* Dataset extract *
-=-=-=-=-
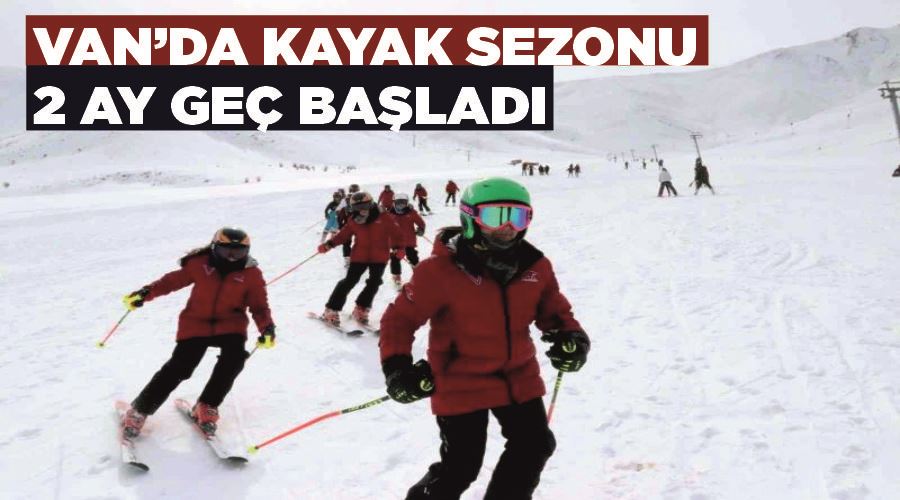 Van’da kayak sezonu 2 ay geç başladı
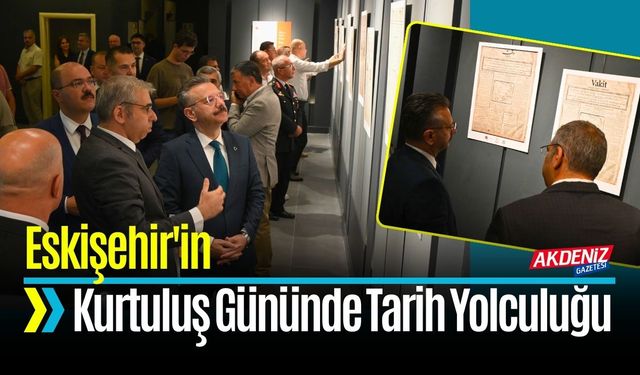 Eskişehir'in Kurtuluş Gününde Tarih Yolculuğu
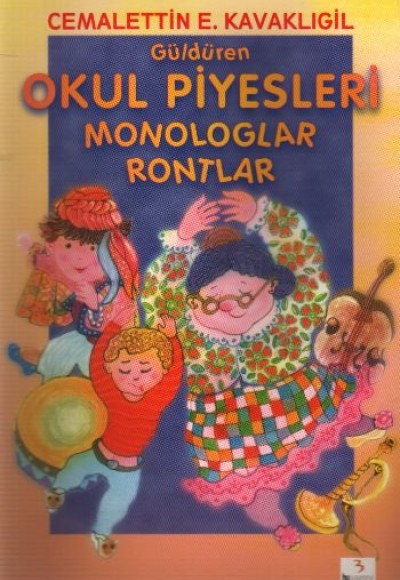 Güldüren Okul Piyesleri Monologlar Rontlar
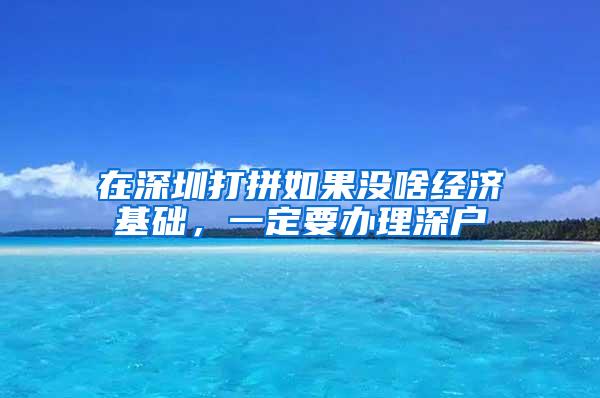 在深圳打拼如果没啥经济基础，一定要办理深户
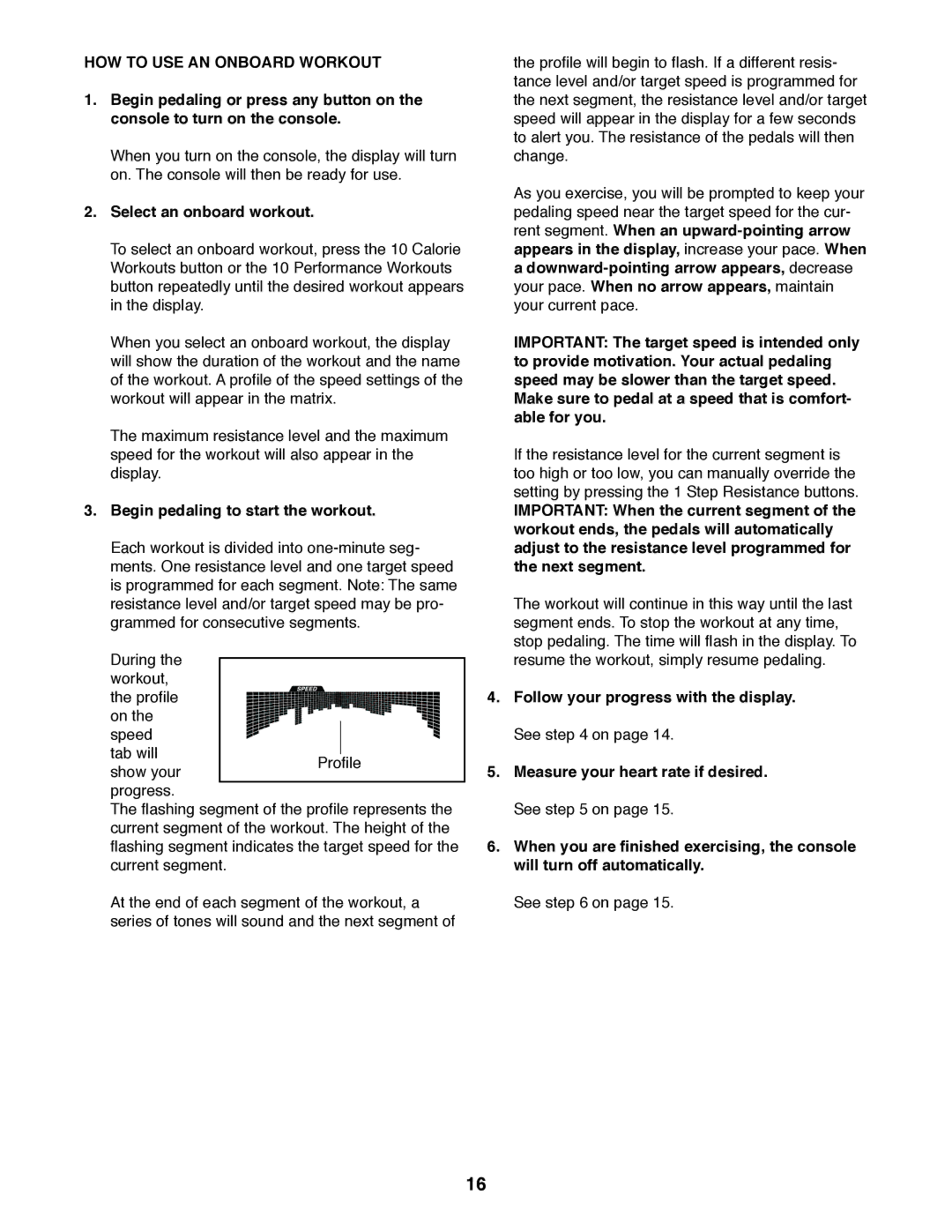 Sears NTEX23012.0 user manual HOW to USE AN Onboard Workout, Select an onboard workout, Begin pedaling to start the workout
-=-=-=-=-
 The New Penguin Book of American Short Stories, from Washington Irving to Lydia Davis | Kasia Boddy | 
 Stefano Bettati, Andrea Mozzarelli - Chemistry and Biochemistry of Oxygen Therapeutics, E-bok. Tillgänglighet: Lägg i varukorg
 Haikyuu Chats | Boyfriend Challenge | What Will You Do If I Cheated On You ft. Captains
-=-=-=-=-
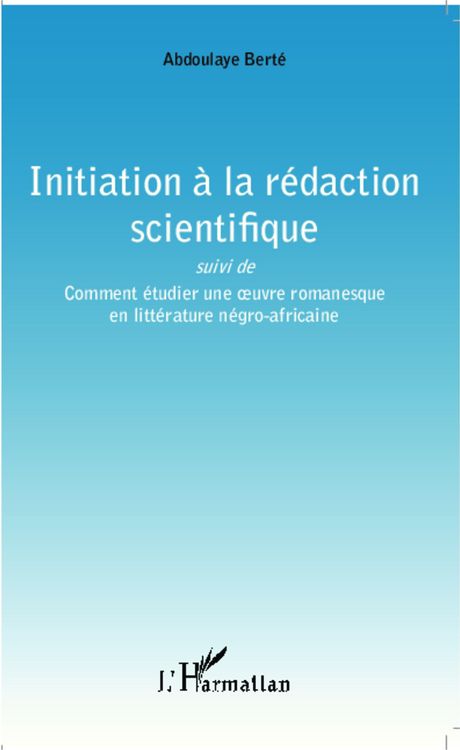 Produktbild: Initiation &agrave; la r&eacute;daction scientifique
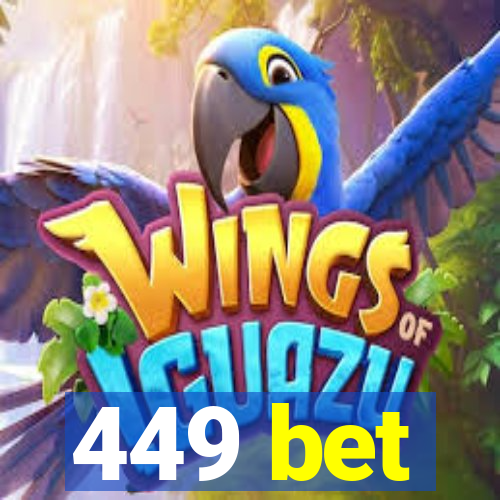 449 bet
-=-=-=-=-
Within the material above, only the stretch from the line holding "在深圳打拼如果没啥经济基础，一定要办理深户" through the line holding "Sears NTEX23012.0 user" is to be restated exactly. Pictures are dropped.

 在深圳打拼如果没啥经济基础，一定要办理深户
 Sears NTEX23012.0 user manual HOW to USE AN Onboard Workout, Select an onboard workout, Begin pedaling to start the workout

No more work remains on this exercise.